Park Nohae (; born 1957) is South Korean poet, photographer and activist. His original name was Park Gi-pyeong ().

Biography
Park Nohae was born in 1957 in Hampyeong, South Jeolla Province, a southern province of South Korea, and grew up in a farming town, Beolgyo, Goheung. Both his father, a pansori singer, who had participated in Korea’s independence and progressive movements, and his mother who was a devout Catholic, greatly influenced him from his childhood. Later, his brother became a priest and headed the Catholic Priests Association for Justice that took a leading role in the democratization of South Korea, and his younger sister became a nun. At the age of seven when his father suddenly passed away, his fate began to get on a wild journey, as his family became poor, and the family members had to be separated from each other. Such misfortune and solitude at his early age made him get immersed in reading and writing.

Park left his hometown and moved to Seoul, the capital city of South Korea. He worked during daytime and attended the night classes at Seollin Commercial High School. He began to build up a labor activist’s career while working in the fields of construction, textiles, chemicals, metals, and logistics. At that time, Korea was going through a dark period under the military dictatorship; night curfews were in place; freedom of the press, presidential elections, and labor’s primary rights were severely violated.

1980s, "the icon of Revolutionary" in South Korea 
The 1980s, when the labor movement was at its most active in South Korea, was also the most active period for the creation of labor poetry. The poetry of this time, represented mainly by Park Nohae and Baek Mu-san. He then took the pseudonym Park Nohae(‘No’ means ‘labor,’ ‘Hae’ means ‘liberation’) and published his first collection of poems, Dawn of Labor, in 1984, under that name. Korea was at that time under the military dictatorship of Chun Doo-hwan, with strict censorship. Despite official bans, this collection sold nearly a million copies and created intense interest. The unknown poet became an intensely symbolic figure of resistance. The government authorities tried in vain to identify and arrest him.

1990s, Demanded the death sentence, Sentenced to life imprisonment 
For many years he was active underground, helping establish the South Korean Socialist Workers' Alliance in 1989. After spending seven years of his life hiding from the police, he was finally arrested in 1991. After twenty-four days of investigation, coupled with cruel, illegal torture, at his trial the state prosecutors even demanded the death sentence for him as an enemy of the state. He was finally sentenced to life imprisonment.
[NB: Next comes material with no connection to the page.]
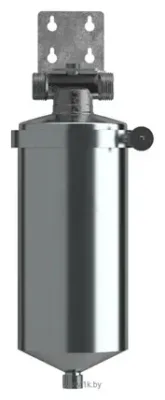 Корпус фильтра 10bb 1" гейзер премьер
While he was in prison, a second poetry collection was published, True Beginning(1993) as well as a collection of essays, Only a Person is Hope(1997). He was finally freed in 1998 after being amnestied by President Kim Dae-Jung. Withdrawing from his previous role, he helped establish a nonprofit social organization “Nanum Munhwa”(Culture of Sharing) with Koreans concerned with the great challenges confronting global humanity.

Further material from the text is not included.